WORK TO BE COMPLETED:
Print every line of the listing below, starting with the line that holds "We're left with" and going on through the line that holds "Following data normalization, we", both included, and print nothing else.

PROVIDED RECORDS:
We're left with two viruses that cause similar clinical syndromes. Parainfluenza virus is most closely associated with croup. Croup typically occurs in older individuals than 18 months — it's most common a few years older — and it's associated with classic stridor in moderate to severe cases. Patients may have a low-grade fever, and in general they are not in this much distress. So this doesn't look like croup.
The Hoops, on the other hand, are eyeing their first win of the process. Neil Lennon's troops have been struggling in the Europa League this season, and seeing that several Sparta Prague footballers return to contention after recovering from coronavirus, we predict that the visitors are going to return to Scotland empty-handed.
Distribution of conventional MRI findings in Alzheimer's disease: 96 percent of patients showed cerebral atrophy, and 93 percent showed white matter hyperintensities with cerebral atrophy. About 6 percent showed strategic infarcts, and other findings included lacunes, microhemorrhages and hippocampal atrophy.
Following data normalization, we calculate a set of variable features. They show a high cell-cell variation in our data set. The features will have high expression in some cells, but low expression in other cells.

* * *

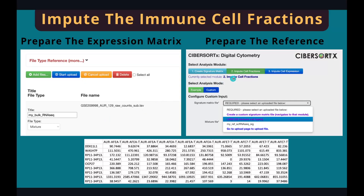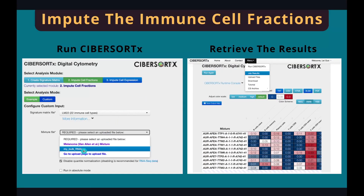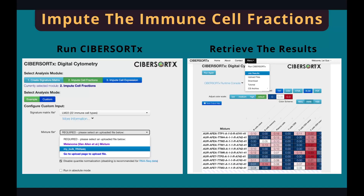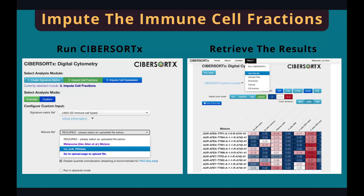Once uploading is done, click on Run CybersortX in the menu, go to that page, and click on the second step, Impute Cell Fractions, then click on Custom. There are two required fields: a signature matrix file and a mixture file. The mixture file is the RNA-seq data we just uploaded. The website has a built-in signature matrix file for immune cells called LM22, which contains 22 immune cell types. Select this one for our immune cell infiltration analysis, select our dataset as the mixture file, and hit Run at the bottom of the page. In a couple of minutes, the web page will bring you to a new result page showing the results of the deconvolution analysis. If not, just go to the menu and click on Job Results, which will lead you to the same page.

TASK RESPONSE:
We're left with two viruses that cause similar clinical syndromes. Parainfluenza virus is most closely associated with croup. Croup typically occurs in older individuals than 18 months — it's most common a few years older — and it's associated with classic stridor in moderate to severe cases. Patients may have a low-grade fever, and in general they are not in this much distress. So this doesn't look like croup.
The Hoops, on the other hand, are eyeing their first win of the process. Neil Lennon's troops have been struggling in the Europa League this season, and seeing that several Sparta Prague footballers return to contention after recovering from coronavirus, we predict that the visitors are going to return to Scotland empty-handed.
Distribution of conventional MRI findings in Alzheimer's disease: 96 percent of patients showed cerebral atrophy, and 93 percent showed white matter hyperintensities with cerebral atrophy. About 6 percent showed strategic infarcts, and other findings included lacunes, microhemorrhages and hippocampal atrophy.
Following data normalization, we calculate a set of variable features. They show a high cell-cell variation in our data set. The features will have high expression in some cells, but low expression in other cells.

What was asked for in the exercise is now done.